Regular expressions (regex) are powerful patterns used to match, search, and manipulate text. In Dart, the RegExp class provides full regex support based on the ECMAScript (JavaScript) regex specification. Whether you need to validate input, extract data, or transform strings, regex is an essential tool.

Creating a RegExp

void main() {
  // Method 1: RegExp constructor
  final digitPattern = RegExp(r'\d+');

  // Method 2: With flags
  final caseInsensitive = RegExp(r'hello', caseSensitive: false);
  final multiLine = RegExp(r'^\w+', multiLine: true);
  final dotAll = RegExp(r'start.*end', dotAll: true);  // . matches newlines

  // Method 3: Unicode mode
  final unicode = RegExp(r'\p{L}+', unicode: true);  // Unicode letter categories
}
Note: Always use raw strings (r'...') for regex patterns.

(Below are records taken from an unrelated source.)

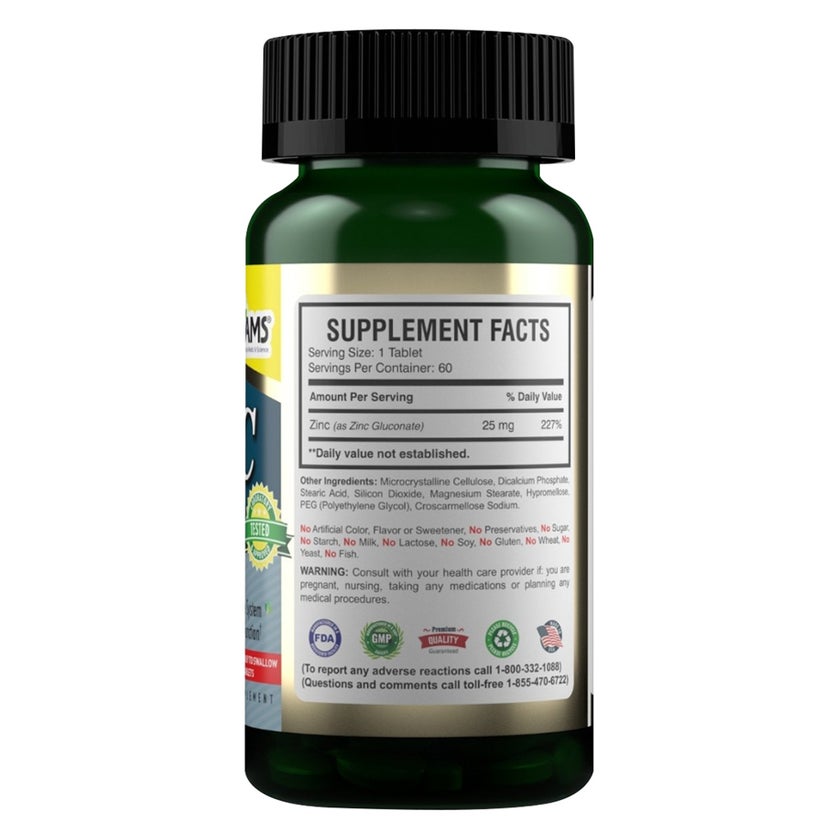 AMS Chelated Zinc 25mg Tablets, Immunity Support - 60 Tablets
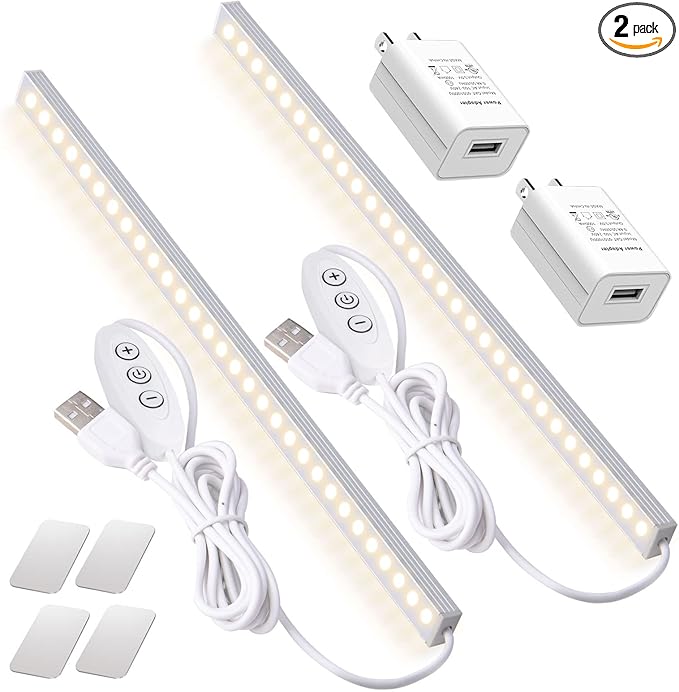 DWEPTU 2Pack LED Under Cabinet Lighting Dimmable Under Cabinet Lights with USB Powered for Closet Light Bar Under Counter Lighting Work Tables Student Dormitory (Include AC Plug)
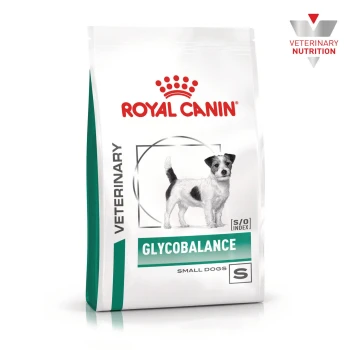 Royal Canin Veterinary GLYCOBALANCE-Tüte für kleine Hunde, weiße Verpackung mit Terrierbild und S/O INDEX-Label.
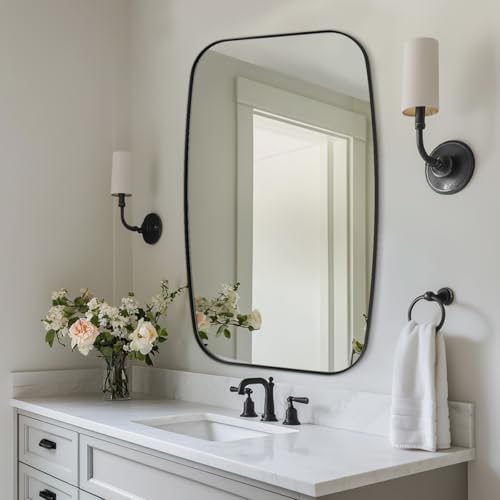 Black Oval Mirrors for Bathroom, Large 24x36’’ Matte Black Metal Framed Oblong Wall Mirror, Modern Black Vanity Mirror in Stainless Steel Frame Wall Mount Horizontal or Vertical - color: Matte Black, size: 36"L x 24"W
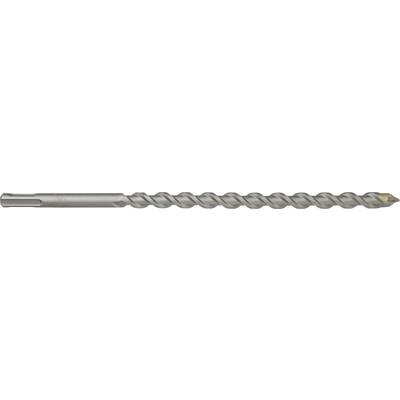 Eine Nahaufnahme eines Metallbohrers mit einer Spiralnut und einer spitzen Spitze, der zum Bohren in harte Materialien entwickelt wurde.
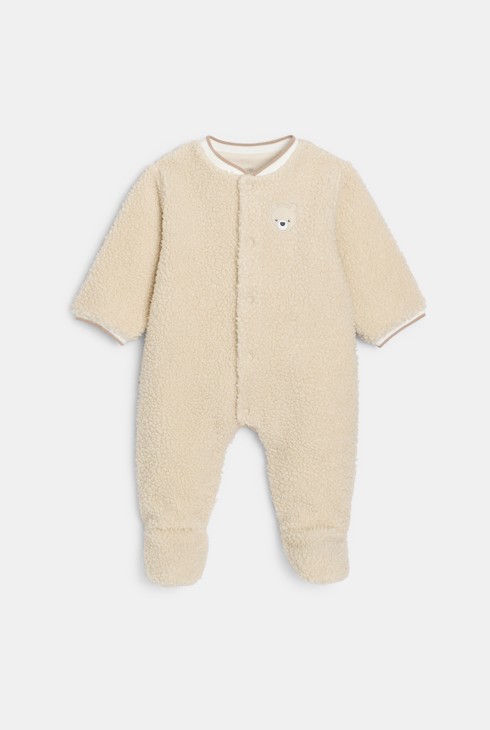 Surpyjama en sherpa beige bébé garçon naissance 1
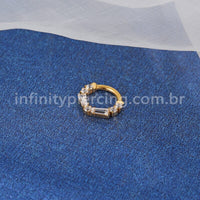 Piercing Argola Titânio Segmento Articulado Zircônia Cravejada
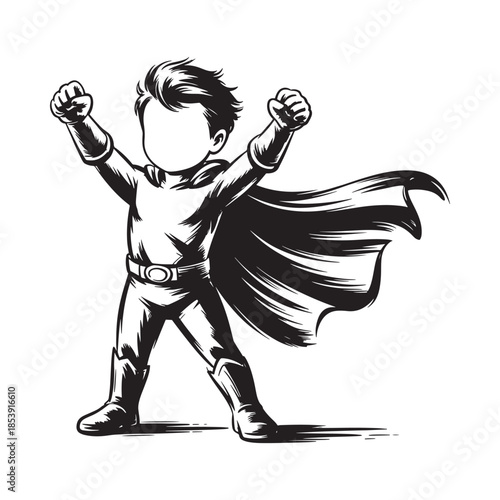 A faceless superhero cartoon character in a dynamic triumphant pose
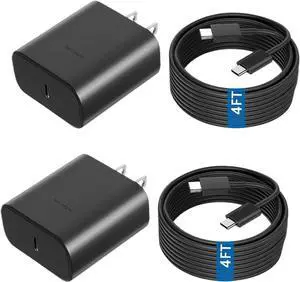 45 W USB C Charger Block Super Fast Charge Type-C Adapter USB Wall Charger for  S22/22 +/S21/S20 and More. (Black) (609)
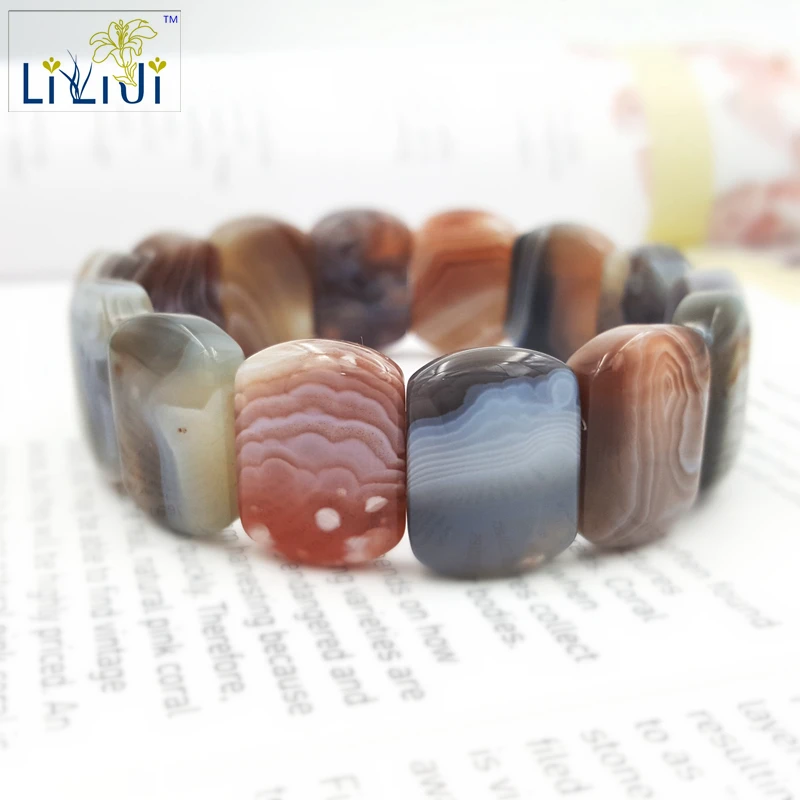 

Natural Stone Botswanna Banded Agate Bracelet stone about 15x20mm Bracelet size about 7.5'' Fashion Jewelry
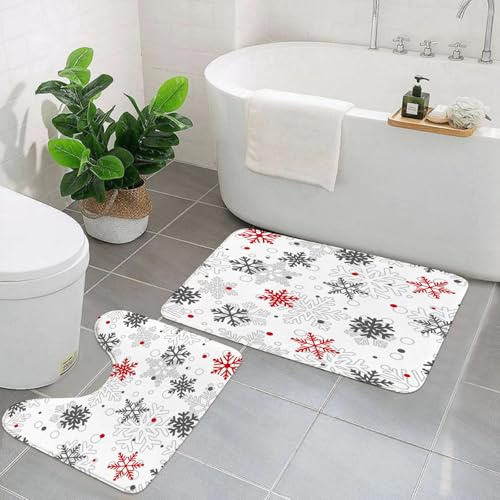 EYLOZS Badezimmerteppich Set 2 Teilig Waschbar rutschfeste Badematte Toilettenmatte Weich Saugfähige Badteppiche,Große und kleine Schneeflocken Weihnachten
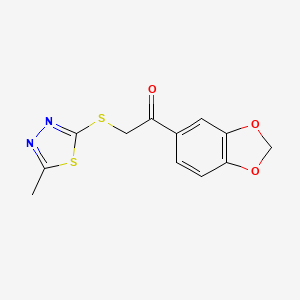molecular formula C12H10N2O3S2 B5873983 1-(1,3-benzodioxol-5-yl)-2-[(5-methyl-1,3,4-thiadiazol-2-yl)thio]ethanone 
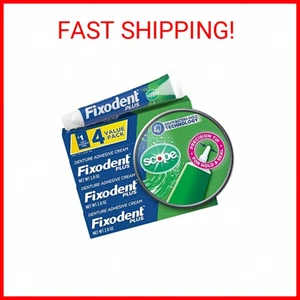 Adhesivo dental seguro Fixodent Plus Scope 2,0 oz (paquete de 4) eComm - Imagen 1 de 1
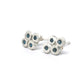Blue Diamond Quatrefoil Triangle Diamond Shape Studs Recycled Silver or Gold 14k White Rose or Yellow Gold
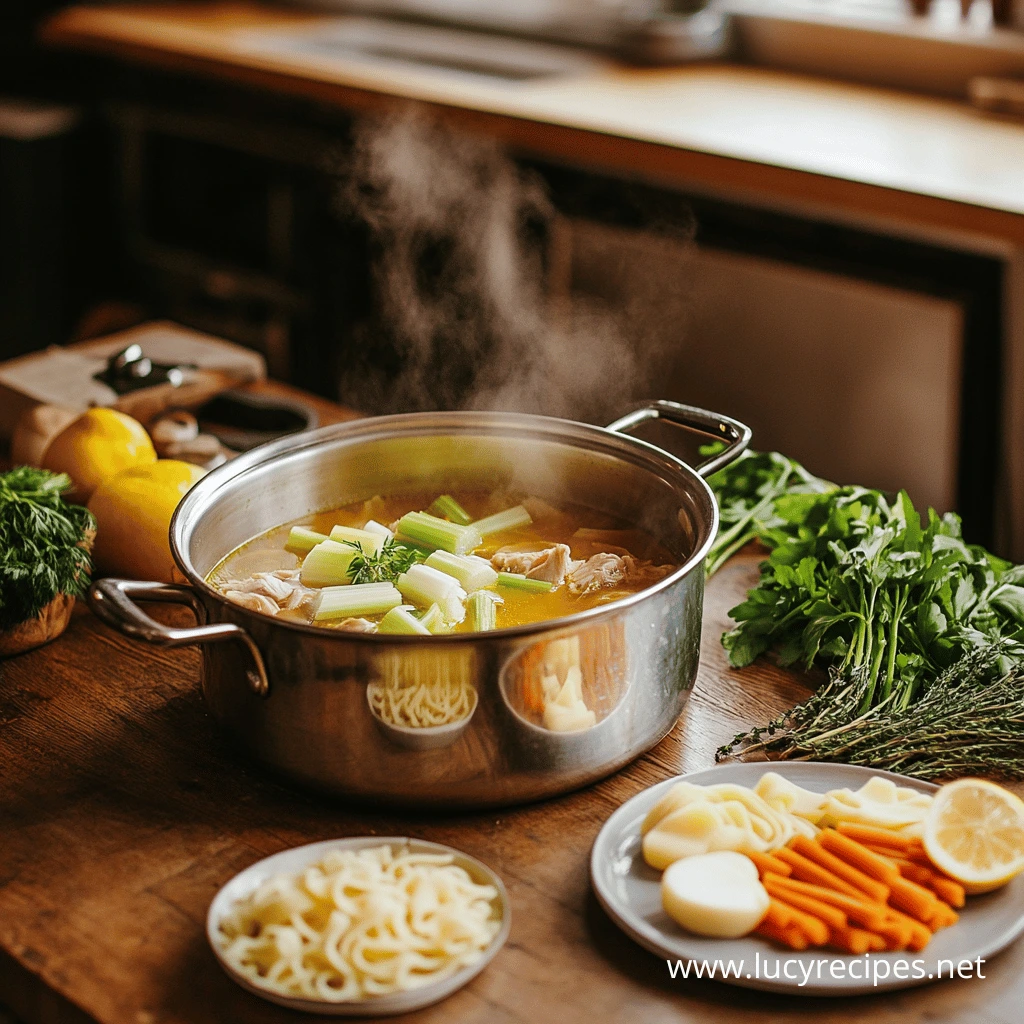 A large pot of homemade chicken broth simmering with fresh ingredients like celery, carrots, and herbs on a rustic wooden countertop. This nutrient-rich broth makes people wonder: Why is my chicken noodle soup jelly?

Without the r prefix, Dart interprets backslashes as escape characters, so '\d' would need to be written as '\\d'. Raw strings pass the backslash through literally.

Basic Pattern Syntax

Here is a quick reference of the most commonly used regex patterns in Dart:

Common Pattern Elements

void main() {
  // Character classes
  RegExp(r'\d');      // Any digit (0-9)
  RegExp(r'\D');      // Any non-digit
  RegExp(r'\w');      // Word character (a-z, A-Z, 0-9, _)
  RegExp(r'\W');      // Non-word character
  RegExp(r'\s');      // Whitespace (space, tab, newline)
  RegExp(r'\S');      // Non-whitespace
  RegExp(r'[aeiou]'); // Any vowel
  RegExp(r'[^aeiou]');// Any non-vowel
  RegExp(r'[a-zA-Z]');// Any letter

  // Quantifiers
  RegExp(r'a*');      // Zero or more 'a'
  RegExp(r'a+');      // One or more 'a'
  RegExp(r'a?');      // Zero or one 'a'
  RegExp(r'a{3}');    // Exactly 3 'a's
  RegExp(r'a{2,5}');  // Between 2 and 5 'a's
  RegExp(r'a{2,}');   // 2 or more 'a's

  // Anchors
  RegExp(r'^start');  // Matches at the beginning
  RegExp(r'end$');    // Matches at the end
  RegExp(r'\bhello\b'); // Word boundary

  // Alternation
  RegExp(r'cat|dog'); // Matches 'cat' or 'dog'
}

Matching: hasMatch, firstMatch, allMatches

Dart’s RegExp provides three primary matching methods. Each serves a different purpose depending on whether you need a boolean check, the first match, or all matches.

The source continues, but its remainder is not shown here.